Dzis jadac DK1 od Wagańca w strone Torunia widzialem na terenach przyszlej autostrady kilka palikow geodetow. Wyglada na to ze cos sie zaczyna dziac.
Po pierwsze na S2 Konotopa - Lotnisko jest PnB. Jest to kluczowe, bo na etapie wniosku o wydanie PnB inwestor musi złożyć oświadczenie o prawie do dysponowania działkami.Tylko, że od wydania ZRID tez można się odwołać ponieważ jest to decyzja administracyjna. Jak to zrobić pokazał emeryt, który miał nieruchomość w pasie S2 w Warszawie.
Odwołał się i od wyceny i od decyzji wojewody ( nie ważne czy to było PNB czy ZRID).Po drugie jeśli dobrze pamiętam emeryt nie odwołał się od PnB (bo jej jeszcze nie było), a od wyceny nieruchomości, przeciągając tym samym sprawę i uniemożliwiając ujęcie swojej działki w wydanym pozwoleniu.

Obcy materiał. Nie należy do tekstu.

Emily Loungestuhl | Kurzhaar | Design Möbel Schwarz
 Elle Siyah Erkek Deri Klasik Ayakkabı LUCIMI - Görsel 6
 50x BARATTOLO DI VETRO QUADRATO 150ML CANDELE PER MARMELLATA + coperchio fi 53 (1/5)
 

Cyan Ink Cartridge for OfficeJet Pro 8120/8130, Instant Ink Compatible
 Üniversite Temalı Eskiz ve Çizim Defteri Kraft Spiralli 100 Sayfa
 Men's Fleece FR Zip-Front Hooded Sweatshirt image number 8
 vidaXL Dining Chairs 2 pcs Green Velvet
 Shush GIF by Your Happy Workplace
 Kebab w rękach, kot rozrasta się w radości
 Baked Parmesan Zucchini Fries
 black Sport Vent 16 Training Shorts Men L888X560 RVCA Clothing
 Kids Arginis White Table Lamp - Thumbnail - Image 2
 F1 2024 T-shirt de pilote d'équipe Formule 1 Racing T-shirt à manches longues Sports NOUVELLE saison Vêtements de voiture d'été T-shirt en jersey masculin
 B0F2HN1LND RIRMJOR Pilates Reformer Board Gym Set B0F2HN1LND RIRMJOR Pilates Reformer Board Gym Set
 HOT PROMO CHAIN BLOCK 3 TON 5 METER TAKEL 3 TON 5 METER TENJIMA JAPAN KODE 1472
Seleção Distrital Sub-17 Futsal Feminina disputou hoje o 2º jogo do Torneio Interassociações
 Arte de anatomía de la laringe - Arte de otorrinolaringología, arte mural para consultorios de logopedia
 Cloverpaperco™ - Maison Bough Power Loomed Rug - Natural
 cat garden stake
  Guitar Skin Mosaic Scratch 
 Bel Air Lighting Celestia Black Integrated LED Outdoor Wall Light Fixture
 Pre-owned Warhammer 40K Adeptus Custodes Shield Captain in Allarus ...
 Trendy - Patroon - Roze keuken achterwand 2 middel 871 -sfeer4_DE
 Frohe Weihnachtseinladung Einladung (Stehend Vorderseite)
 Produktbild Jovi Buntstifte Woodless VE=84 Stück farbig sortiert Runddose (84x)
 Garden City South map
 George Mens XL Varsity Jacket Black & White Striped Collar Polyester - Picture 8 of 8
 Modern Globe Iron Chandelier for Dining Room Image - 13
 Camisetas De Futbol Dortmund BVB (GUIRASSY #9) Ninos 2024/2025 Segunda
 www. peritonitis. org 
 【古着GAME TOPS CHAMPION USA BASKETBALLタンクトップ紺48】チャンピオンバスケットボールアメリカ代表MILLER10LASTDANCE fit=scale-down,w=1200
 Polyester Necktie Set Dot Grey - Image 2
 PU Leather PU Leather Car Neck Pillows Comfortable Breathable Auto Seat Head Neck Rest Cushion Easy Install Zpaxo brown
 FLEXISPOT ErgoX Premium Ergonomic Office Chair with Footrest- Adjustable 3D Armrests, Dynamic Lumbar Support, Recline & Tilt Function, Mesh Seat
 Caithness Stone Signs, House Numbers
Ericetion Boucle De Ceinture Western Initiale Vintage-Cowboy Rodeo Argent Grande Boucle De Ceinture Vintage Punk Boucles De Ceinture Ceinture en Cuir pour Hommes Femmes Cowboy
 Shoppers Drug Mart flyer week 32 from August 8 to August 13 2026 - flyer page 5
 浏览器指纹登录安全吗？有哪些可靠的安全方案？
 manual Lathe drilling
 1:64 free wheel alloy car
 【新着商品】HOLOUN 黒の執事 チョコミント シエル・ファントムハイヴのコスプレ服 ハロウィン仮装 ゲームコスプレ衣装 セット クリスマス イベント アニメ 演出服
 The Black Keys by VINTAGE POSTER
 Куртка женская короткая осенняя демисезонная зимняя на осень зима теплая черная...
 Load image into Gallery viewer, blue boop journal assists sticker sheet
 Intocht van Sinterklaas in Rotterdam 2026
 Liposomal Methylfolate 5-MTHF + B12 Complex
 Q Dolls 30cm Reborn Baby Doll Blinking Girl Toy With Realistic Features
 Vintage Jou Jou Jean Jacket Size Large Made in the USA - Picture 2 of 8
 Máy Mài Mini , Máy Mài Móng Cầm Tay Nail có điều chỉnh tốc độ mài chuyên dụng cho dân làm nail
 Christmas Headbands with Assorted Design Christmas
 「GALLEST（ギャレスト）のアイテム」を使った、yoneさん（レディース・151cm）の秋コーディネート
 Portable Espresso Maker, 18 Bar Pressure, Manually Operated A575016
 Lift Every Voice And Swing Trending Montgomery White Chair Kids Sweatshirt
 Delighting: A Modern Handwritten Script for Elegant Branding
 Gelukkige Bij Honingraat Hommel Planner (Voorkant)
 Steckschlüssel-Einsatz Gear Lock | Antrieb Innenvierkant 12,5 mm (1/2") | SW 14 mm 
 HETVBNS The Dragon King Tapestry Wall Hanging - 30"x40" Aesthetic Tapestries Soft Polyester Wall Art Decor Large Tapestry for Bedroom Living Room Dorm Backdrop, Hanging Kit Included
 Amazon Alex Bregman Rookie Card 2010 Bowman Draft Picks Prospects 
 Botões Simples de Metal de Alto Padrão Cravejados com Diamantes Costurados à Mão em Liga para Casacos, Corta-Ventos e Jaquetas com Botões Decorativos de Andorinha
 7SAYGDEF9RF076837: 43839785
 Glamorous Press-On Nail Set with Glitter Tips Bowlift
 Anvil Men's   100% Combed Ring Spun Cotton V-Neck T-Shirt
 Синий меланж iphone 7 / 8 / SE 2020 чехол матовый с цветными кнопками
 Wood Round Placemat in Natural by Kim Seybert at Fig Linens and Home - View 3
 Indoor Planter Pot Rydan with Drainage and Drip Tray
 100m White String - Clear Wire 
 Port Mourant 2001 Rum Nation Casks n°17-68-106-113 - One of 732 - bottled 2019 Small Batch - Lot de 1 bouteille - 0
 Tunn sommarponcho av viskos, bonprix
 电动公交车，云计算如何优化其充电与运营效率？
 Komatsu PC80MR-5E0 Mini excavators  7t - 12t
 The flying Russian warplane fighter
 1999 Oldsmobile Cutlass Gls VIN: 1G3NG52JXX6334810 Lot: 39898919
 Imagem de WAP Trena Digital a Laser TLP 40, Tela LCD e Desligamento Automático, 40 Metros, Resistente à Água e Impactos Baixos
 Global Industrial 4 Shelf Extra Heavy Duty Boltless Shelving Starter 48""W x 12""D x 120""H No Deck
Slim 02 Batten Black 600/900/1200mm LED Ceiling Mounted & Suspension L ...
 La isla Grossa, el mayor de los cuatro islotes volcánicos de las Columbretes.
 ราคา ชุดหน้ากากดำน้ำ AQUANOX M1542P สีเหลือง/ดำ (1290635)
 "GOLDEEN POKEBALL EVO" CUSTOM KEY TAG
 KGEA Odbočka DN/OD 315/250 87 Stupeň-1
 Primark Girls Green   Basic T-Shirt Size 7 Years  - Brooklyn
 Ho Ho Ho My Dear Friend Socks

Źródło w TYM poście.Pan Krzysztof dwukrotnie podważył wyceny wartości jego nieruchomości i doprowadził do unieważnienia decyzji wojewody pozwalającej na niezwłoczne zajęcie działki z kamienicą.
Tłumaczę znów: tak istotnie masz rację, ale sama decyzja o wywłaszczeniu ( a nie o wysokości odszkodowania) może tez być podważona. Różnica: podważenie pierwszej uniemożliwia prowadzenie inwestycji i trzeba wydać nową, poprawną - a w przypadku decyzji o wysokości odszkodowania odwołanie nie tamuje procesu inwestycyjnego ( dzięki specustawie).Istotą ZRID jest to, że wątpliwości wywłaszczanego np. co do wyceny są rozwiązywane niezależnie od już toczącej się budowy.
Zgadza się, to miejsce to jeszcze nie budowa autostrady, tylko terminala kontenerowego:To nie jest budowa wiaduktu tylko centrum logistyczne budują przy torach. Konkretnie terminal intermodalny.